* **RECORDS SUPPLIED**
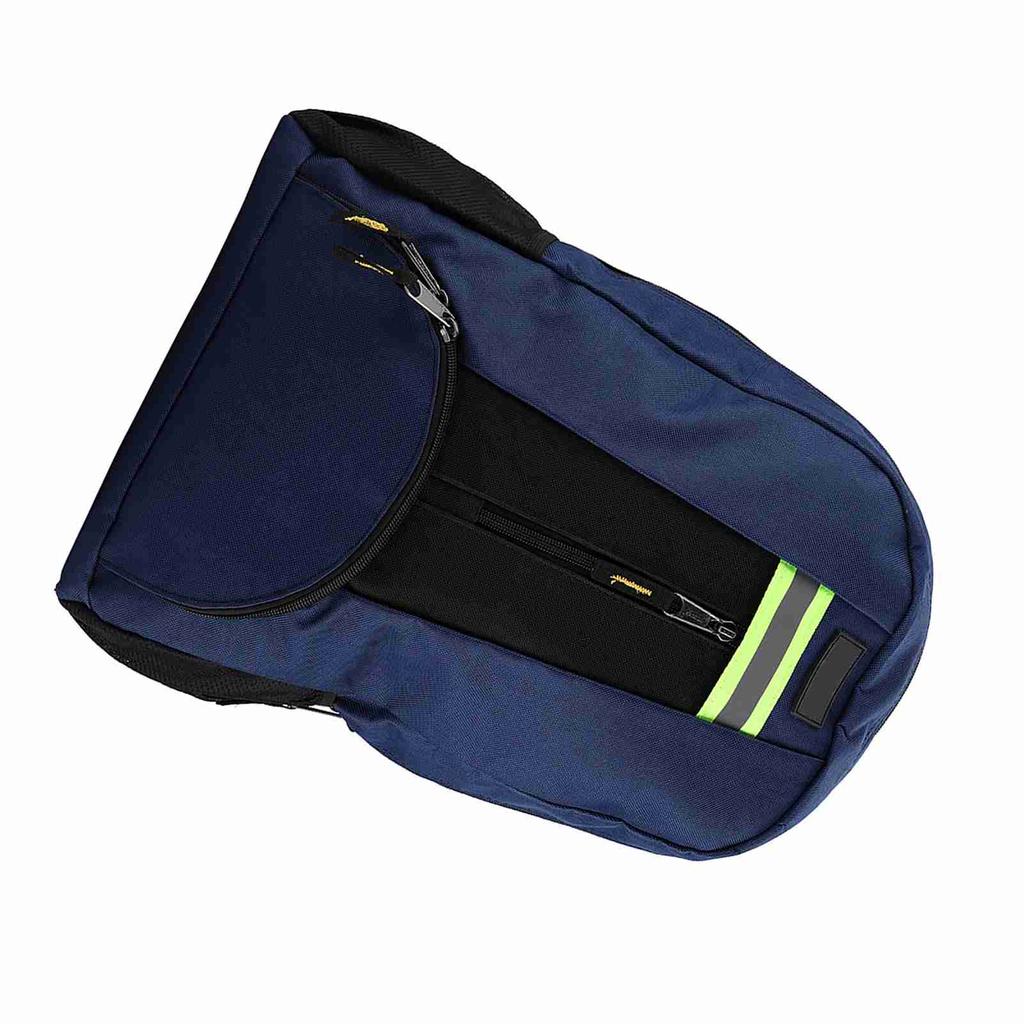Oxford Cloth Fabric Tools Backpack WeAr Resistant Bag for Electrician Plumber Repairman
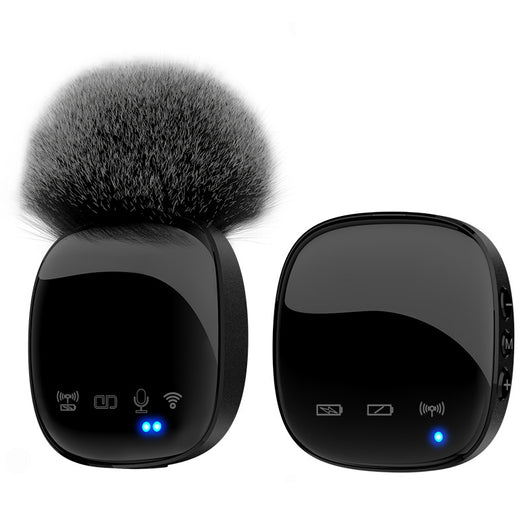 Micrófono Inalámbrico Clip Bluetooth Dual con Cancelación de Ruido - Image 4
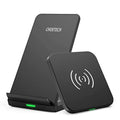 CHOETECH MIX00087 (T524S+T511S) Qi 10W/7.5W Fast Wireless Charging Stand and Pad V28-ELECHOMIX00087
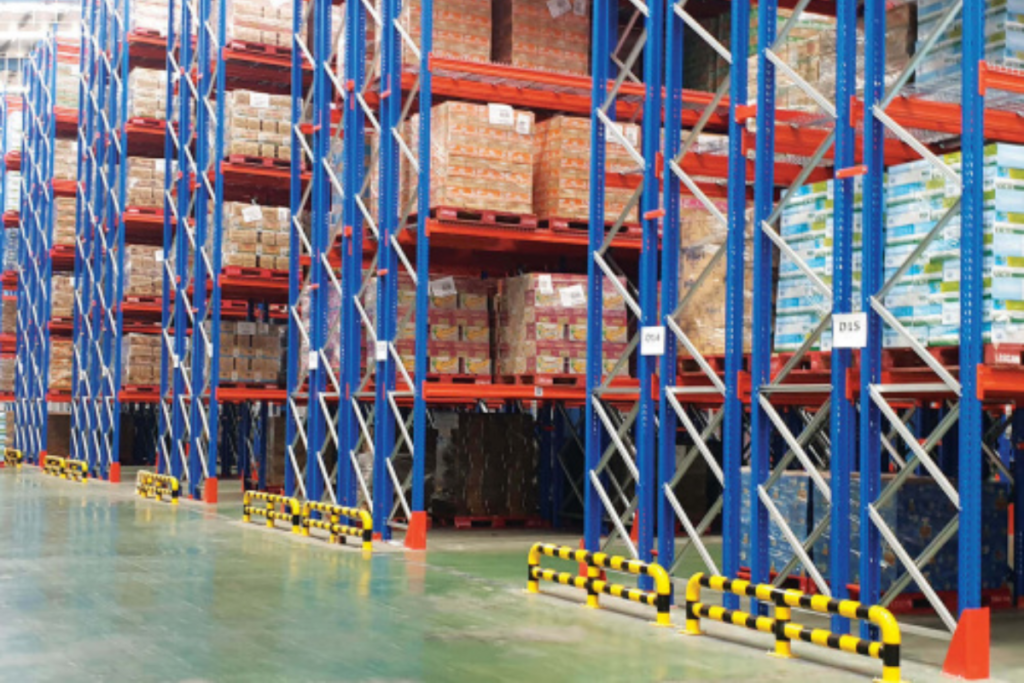 Warehouse racking suppliers in the UAE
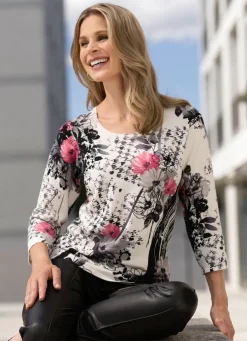 Damen Mona Pullover<Pullover in weichem Feinstrick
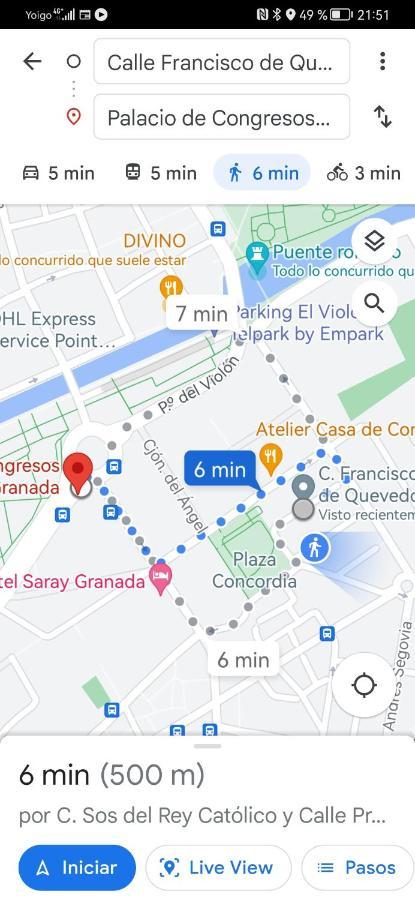 Center Templo Garden Parking Gratis Granada Exterior foto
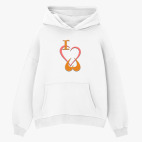 Толстовка худи оверсайз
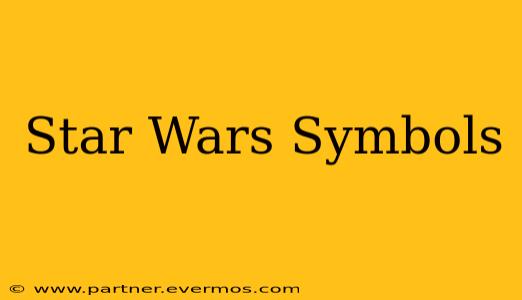 Star Wars Symbols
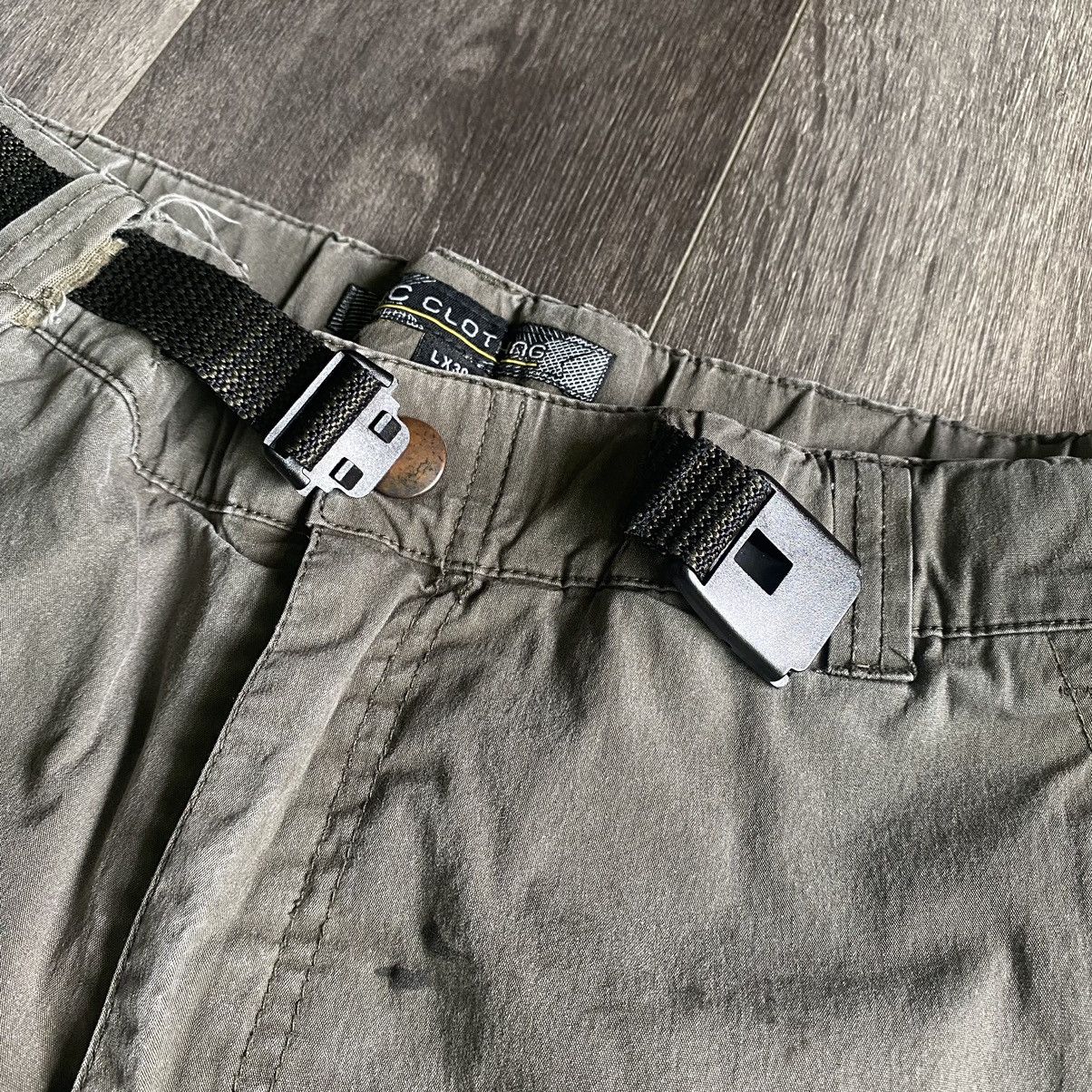Vintage Vintage 2000s BC Clothing Pocket Belt Washed Cargo Pants x30 Size US 33 - 7 Thumbnail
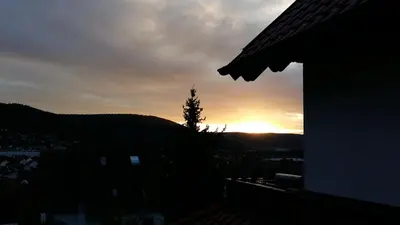 Naturlandschaft in der Nähe der Ferienwohnung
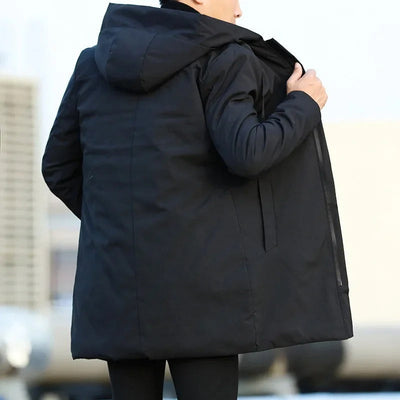 Veste coupe-vent élégante pour homme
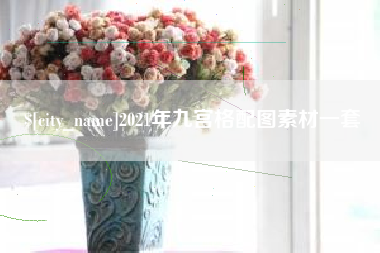 平邑2021年九宫格配图素材一套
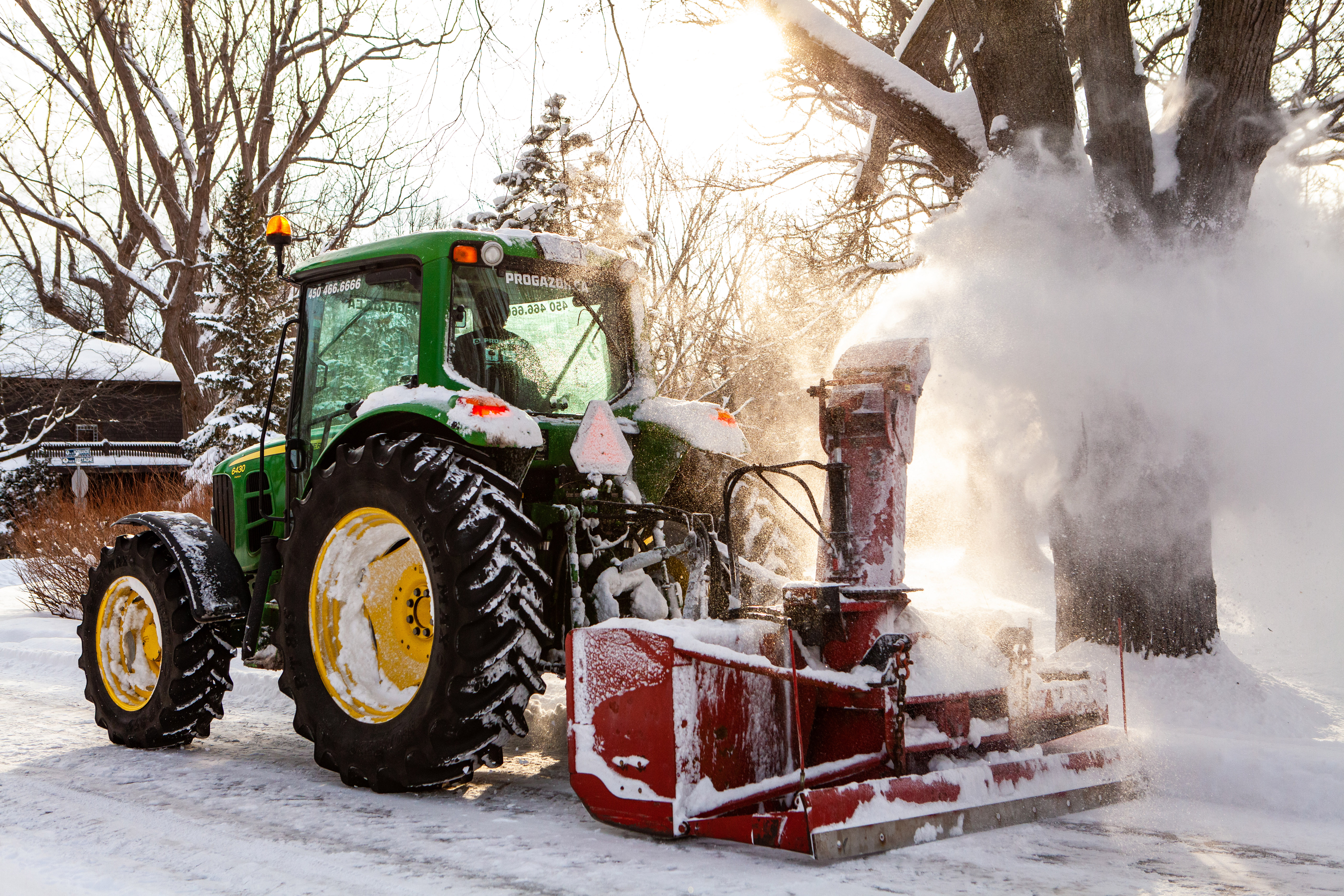 Épandage d'Abrasifs, Déneigement, Rive-Sud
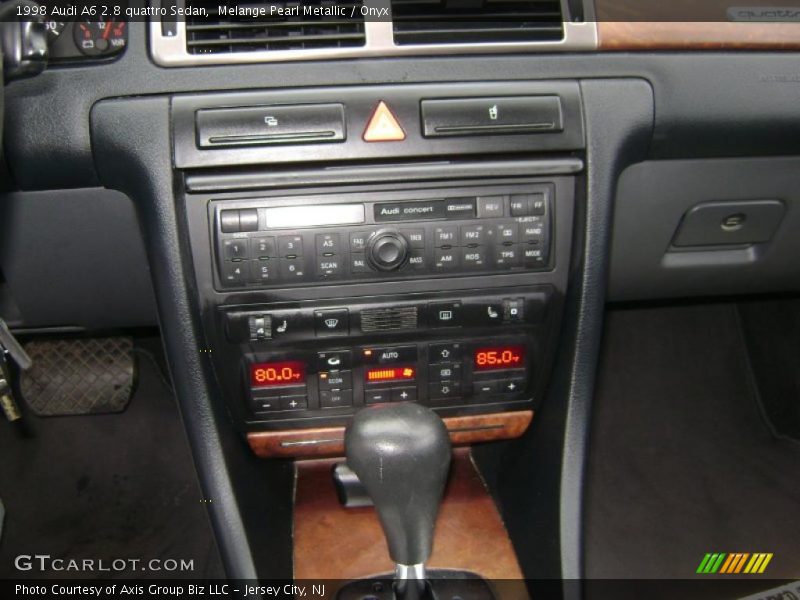 Melange Pearl Metallic / Onyx 1998 Audi A6 2.8 quattro Sedan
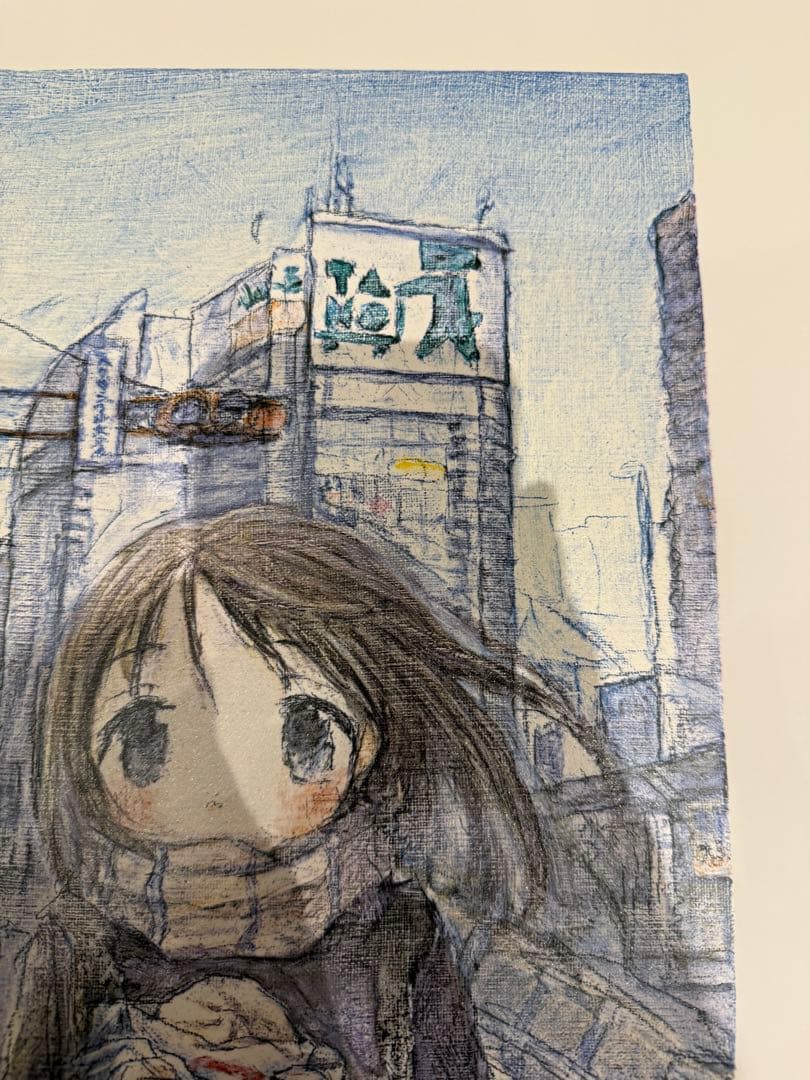 くらやえみ The Smell of Winter, 2021 版画 サイン入り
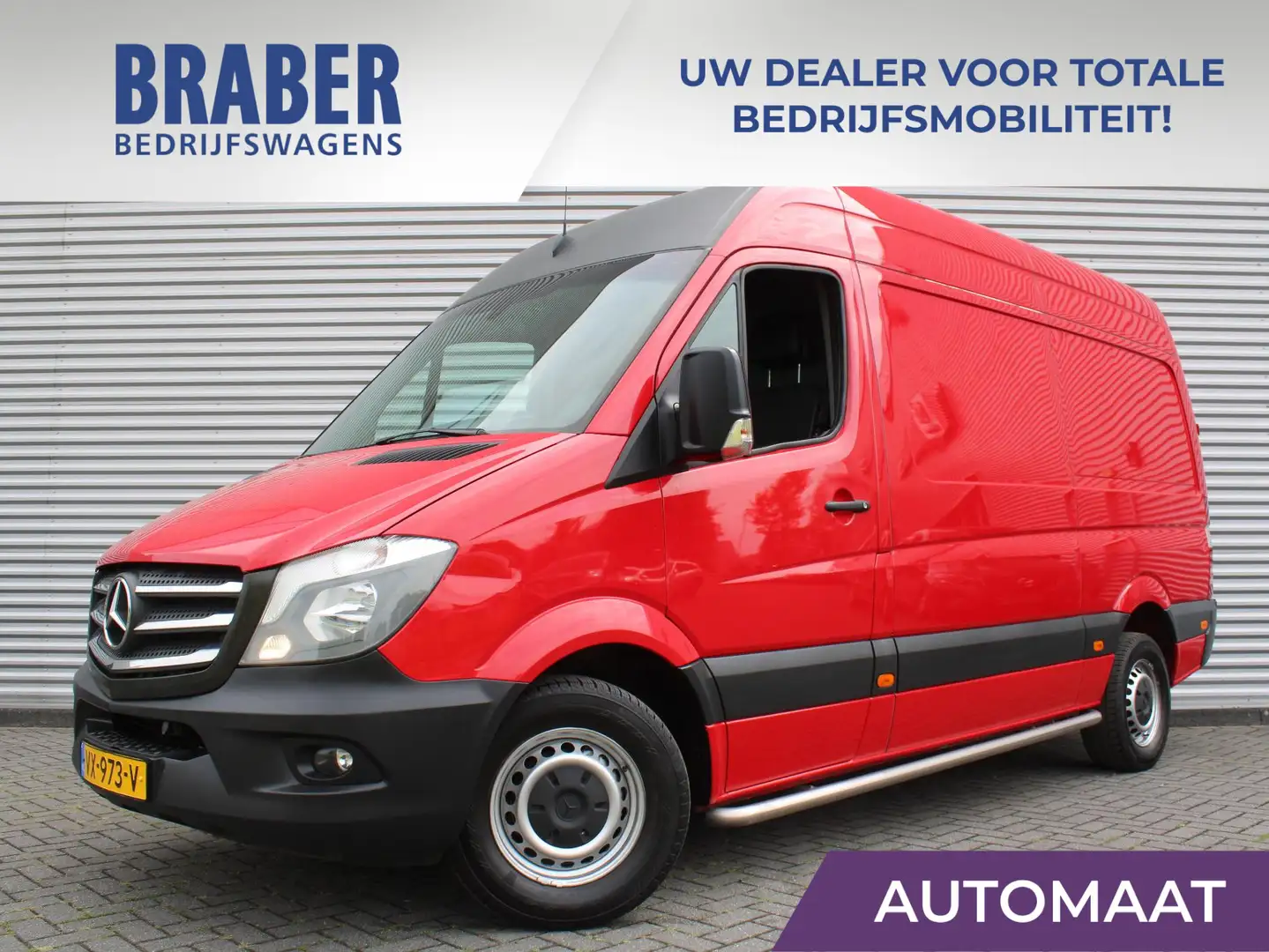 Mercedes-Benz Sprinter 316 2.2 CDI 366 EHD | 1e eigenaar | Koelwagen met Rouge - 1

* **EXERCISE GOAL**
Only the lines from the line that contains "Vintage Vintage 2000s" through the end of the entries are to be written out, exactly and without pictures, both ends included.

* **EXERCISE ANSWER**
Vintage Vintage 2000s BC Clothing Pocket Belt Washed Cargo Pants x30 Size US 33 - 7 Thumbnail
 Naturlandschaft in der Nähe der Ferienwohnung
 Veste coupe-vent élégante pour homme
 平邑2021年九宫格配图素材一套
 Épandage d'Abrasifs, Déneigement, Rive-Sud
 Melange Pearl Metallic / Onyx 1998 Audi A6 2.8 quattro Sedan
 くらやえみ The Smell of Winter, 2021 版画 サイン入り
 Mercedes-Benz Sprinter 316 2.2 CDI 366 EHD | 1e eigenaar | Koelwagen met Rouge - 1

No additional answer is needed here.